▸ **DESCRIPTION OF THE TASK**:
What you return must match the records below exactly, apart from the omitted pictures.

▸ **Short descriptive text snippets**:

━━━━━━

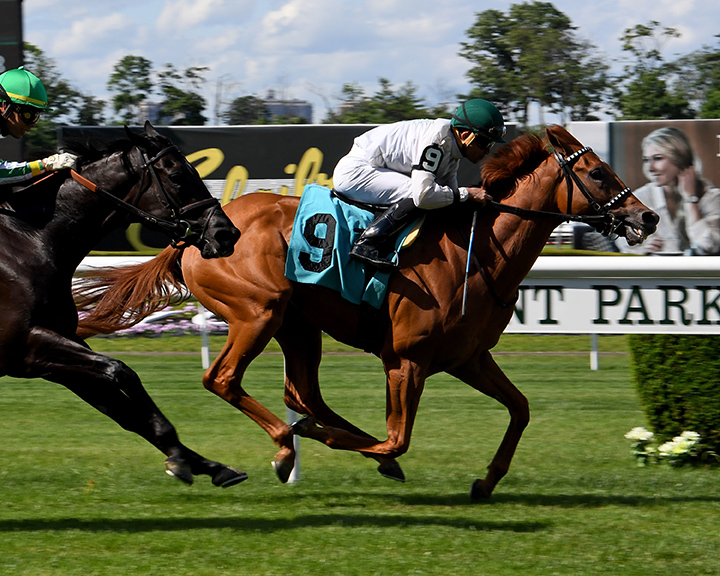 Lemon Zip wins a June 14 allowance race at Belmont Park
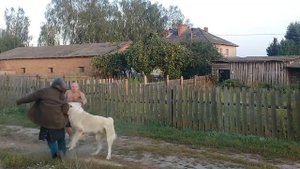 Алабай против человека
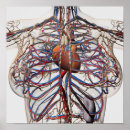 Pesquisar por sistema circulatório pósteres 3d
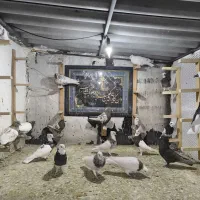 کفتر طوقی سینه شهری|پرنده|صدرا-فارس, فاز ۲|دیوار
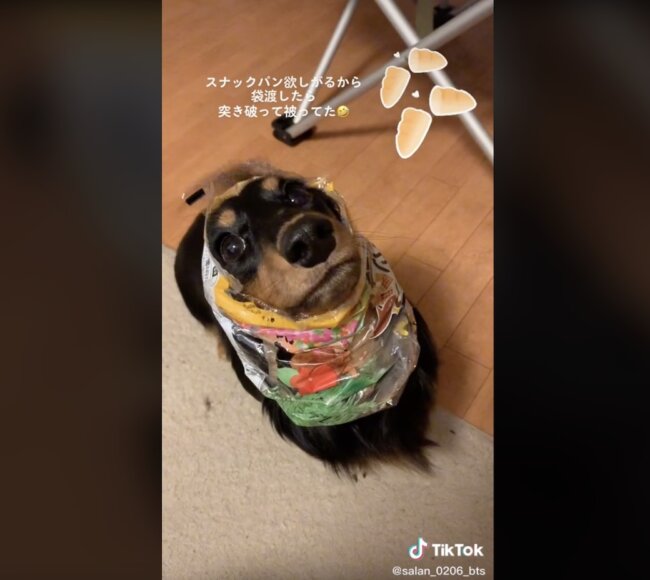 ダックスフンド,動画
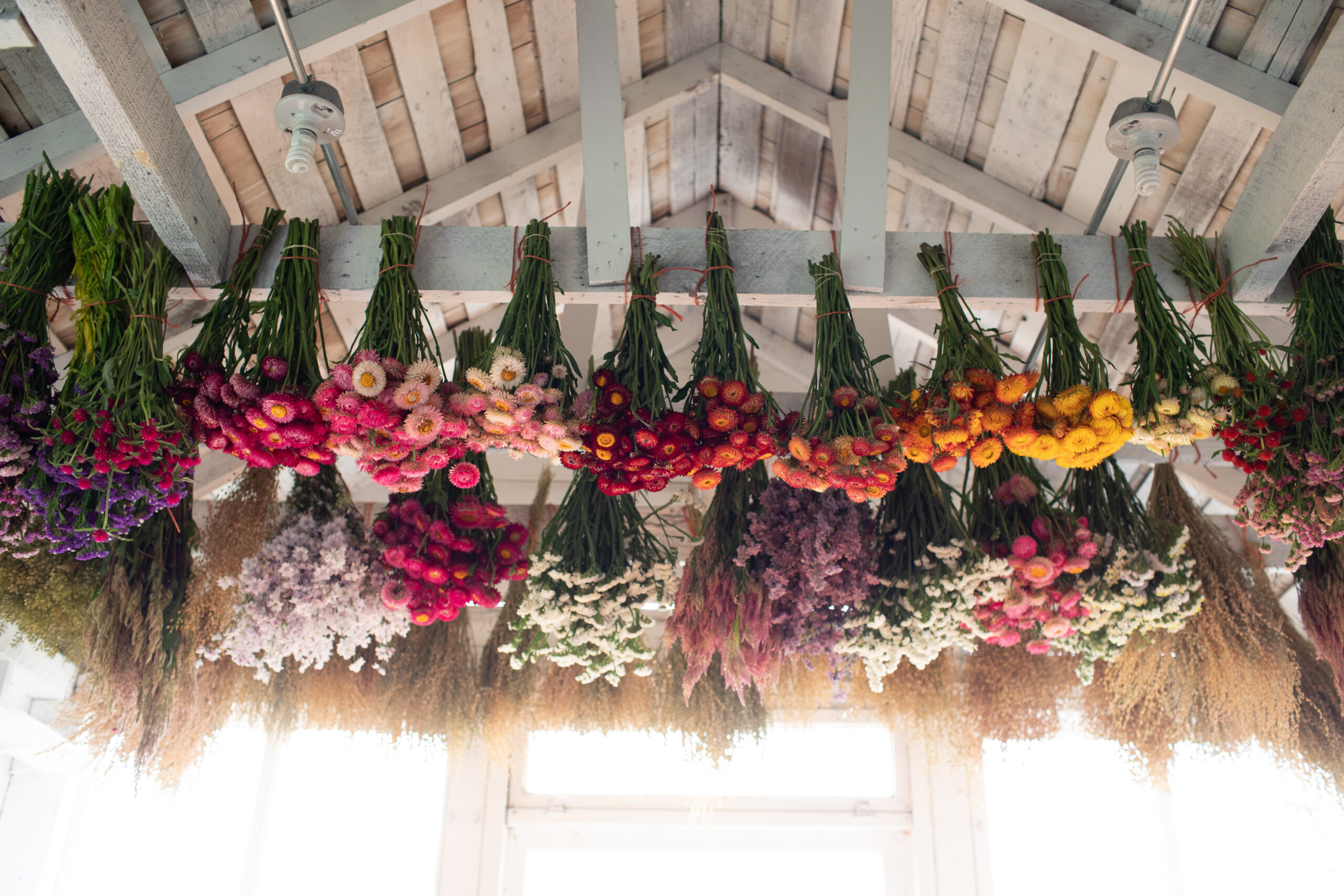 Florist Manly: Flowers That Survive Salt, Sun and Sea Breeze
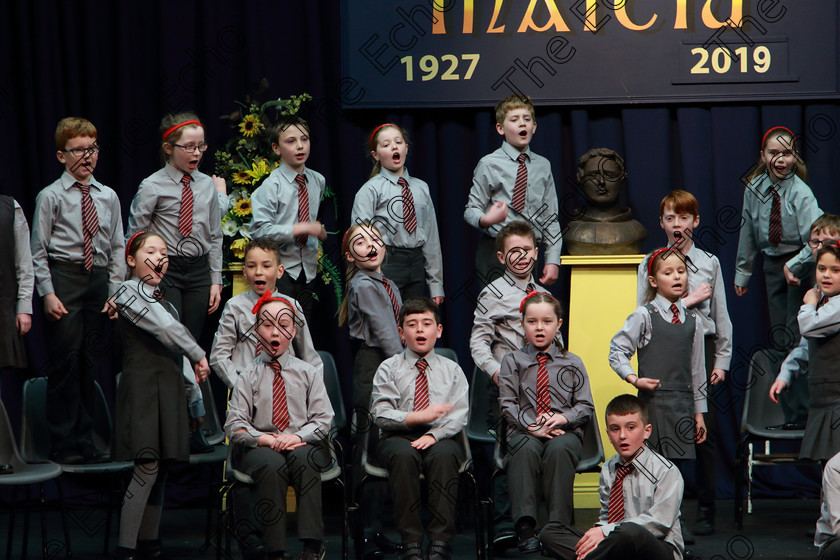 Feis03042019Wed19 
 16~22
Gaelscoil U Riordn Ballincollig performing.

Rinn: 533: Corn U Bhuachalla Cr-Reacaireacht 9 Bliana DAois N Faoina An Clog Padraig MacConcoille. (b) A Rogha Fin.

Feis Maiti 93rd Festival held in Fr. Mathew Hall. EEjob 03/04/2019. Picture: Gerard Bonus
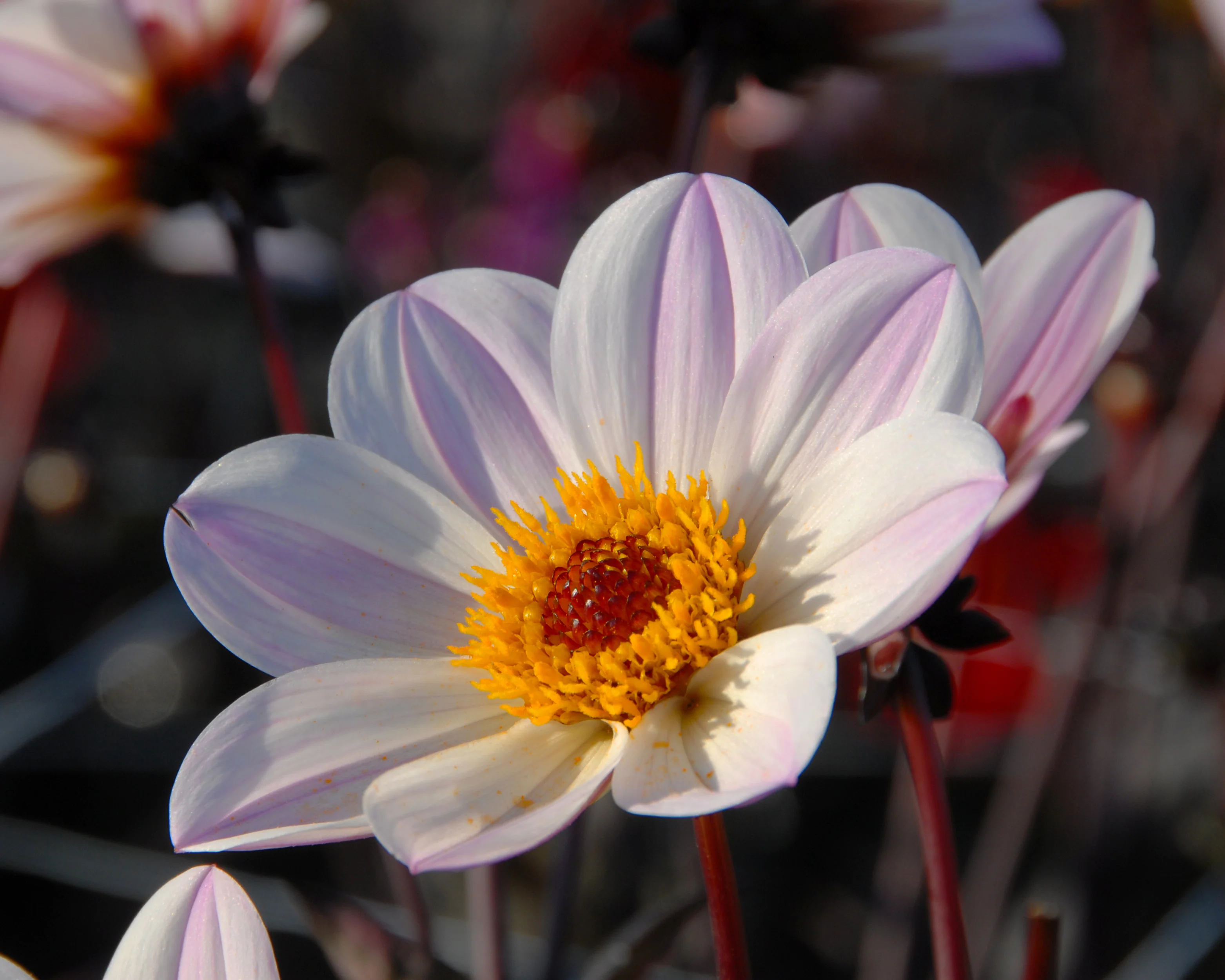 Dahlia 'HS Princess' - Image 9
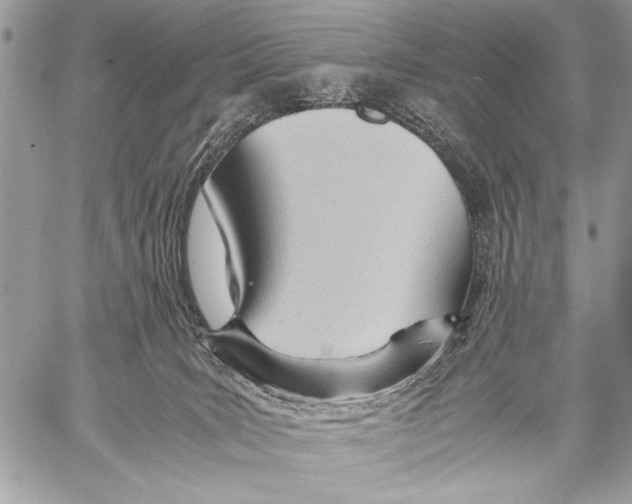 X0000057580035200510171719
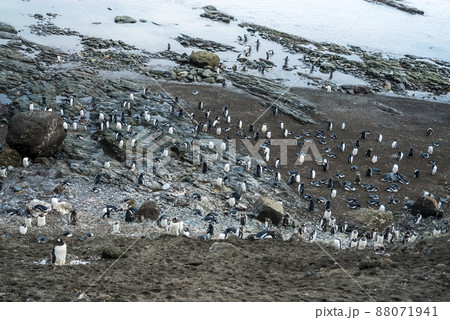 Gentoo Penguin,Hannah Point, Antartica 88071941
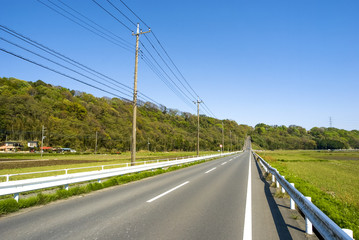 長い直線の道と田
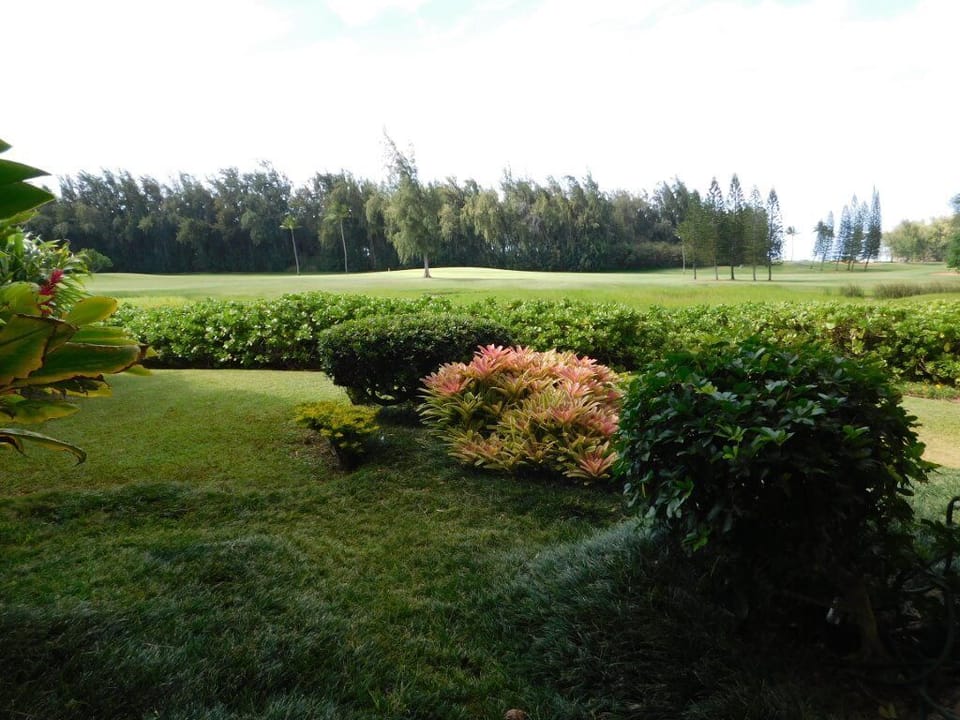 View from Lanai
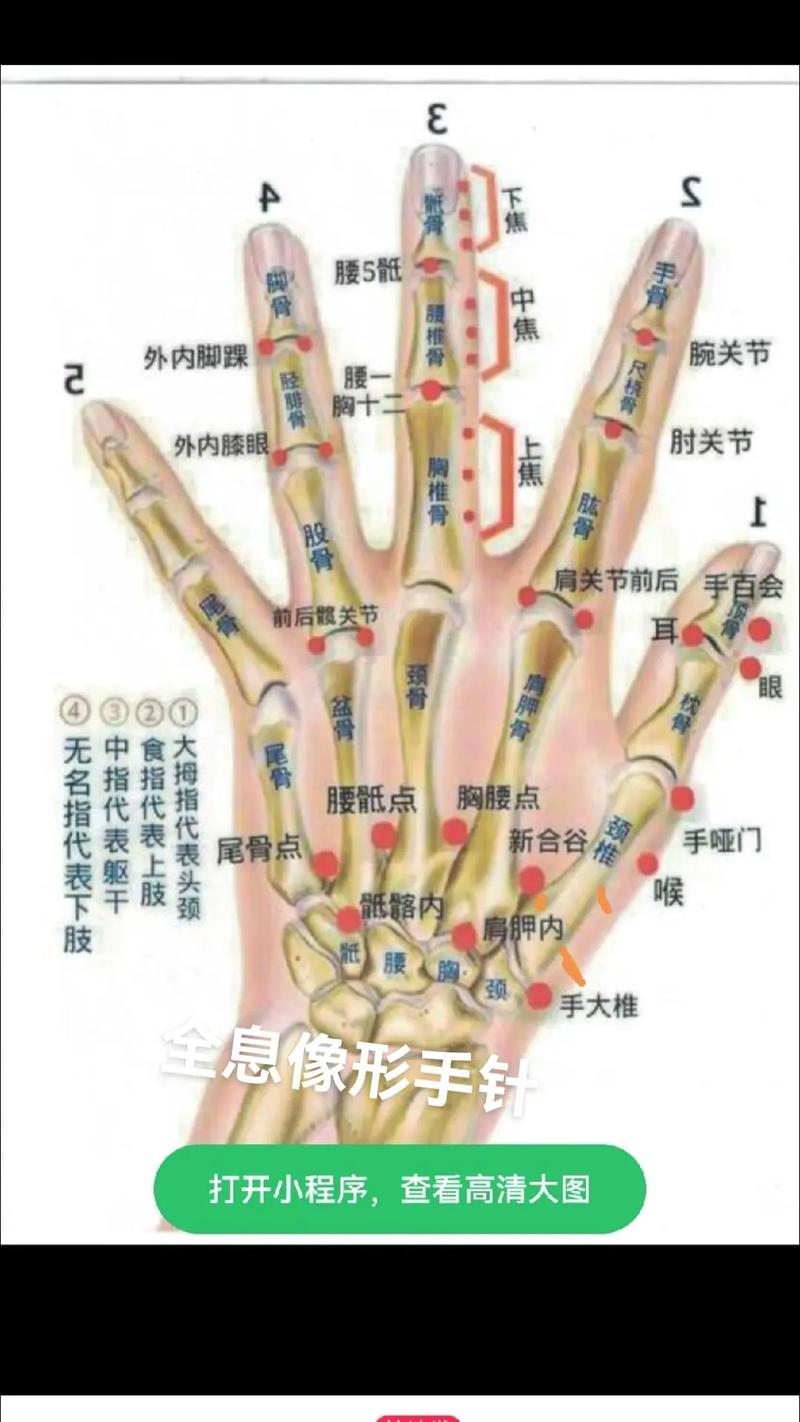 左常波针灸手诊全息图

━━━━━━

▸ **RESPONSE BELOW**:
 Lemon Zip wins a June 14 allowance race at Belmont Park
 Алабай против человека
 Pesquisar por sistema circulatório pósteres 3d
 کفتر طوقی سینه شهری|پرنده|صدرا-فارس, فاز ۲|دیوار
 ダックスフンド,動画
 Florist Manly: Flowers That Survive Salt, Sun and Sea Breeze
 Feis03042019Wed19 
 16~22
Gaelscoil U Riordn Ballincollig performing.

Rinn: 533: Corn U Bhuachalla Cr-Reacaireacht 9 Bliana DAois N Faoina An Clog Padraig MacConcoille. (b) A Rogha Fin.

Feis Maiti 93rd Festival held in Fr. Mathew Hall. EEjob 03/04/2019. Picture: Gerard Bonus
 Dahlia 'HS Princess' - Image 9
 X0000057580035200510171719
 Gentoo Penguin,Hannah Point, Antartica 88071941
 長い直線の道と田
 View from Lanai
 左常波针灸手诊全息图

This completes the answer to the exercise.